Cadillac’s CTS and CTS-V performance sedans for 2017 continue to go unchallenged by domestic makes, while simultaneously giving the Germans fits. From a set of powerful engine options to its Nurburgring-proven performance, the CTS outshines cars like the Audi A6 and Lexus GS, and pulls within spitting distance of the BMW 5 Series, including the legendary M5.
You'll Like The 2017 Cadillac CTS If...
If you’re looking to take pride in your American-made ride, the 2017 Cadillac CTS sedan will have you seeing red, white and blue. Every bit the equal -- and in some cases better than -- its foreign rivals, Cadillac’s CTS and CTS-V have earned a place on the world stage.
You May Not Like The 2017 Cadillac CTS If...
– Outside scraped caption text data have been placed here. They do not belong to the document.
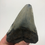 Thumbnail: 4.57" Fossil Megalodon Shark Tooth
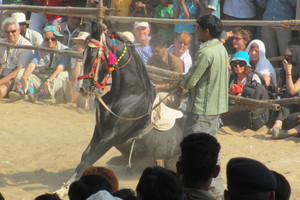 Dancing Marwari horse. Photo / Supplied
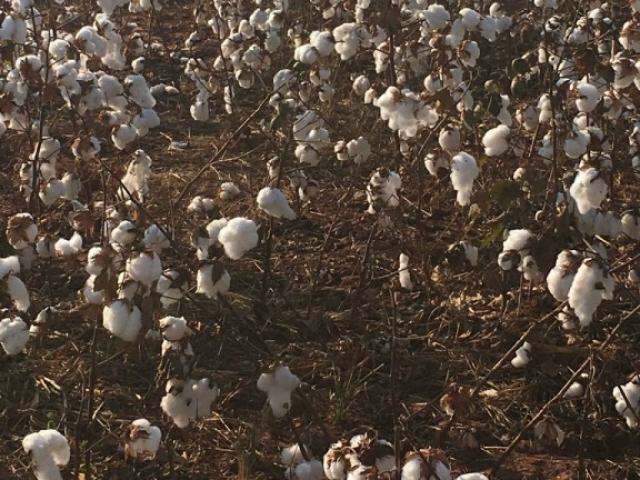 Frio deve atrasar in&iacute;cio da colheita do algod&atilde;o na regi&atilde;o norte de MS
The Cadillac name still has a ways to go before it reaches the same cachet as BMW, Mercedes-Benz and Lexus, but it’s not far. Those seeking a coupe or wagon variant are out of luck, while those seeking a less rigid ride might look to the Lexus ES or Lincoln MKZ.
For 2017, Cadillac updates the CTS’s front and rear fascia, makes improvements to the CUE infotainment system plus adds new features like Teen Driver, Cadillac Collection and a rear camera mirror. Trim lines are streamlined and a new Carbon Black package is offered on both CTS and CTS-V.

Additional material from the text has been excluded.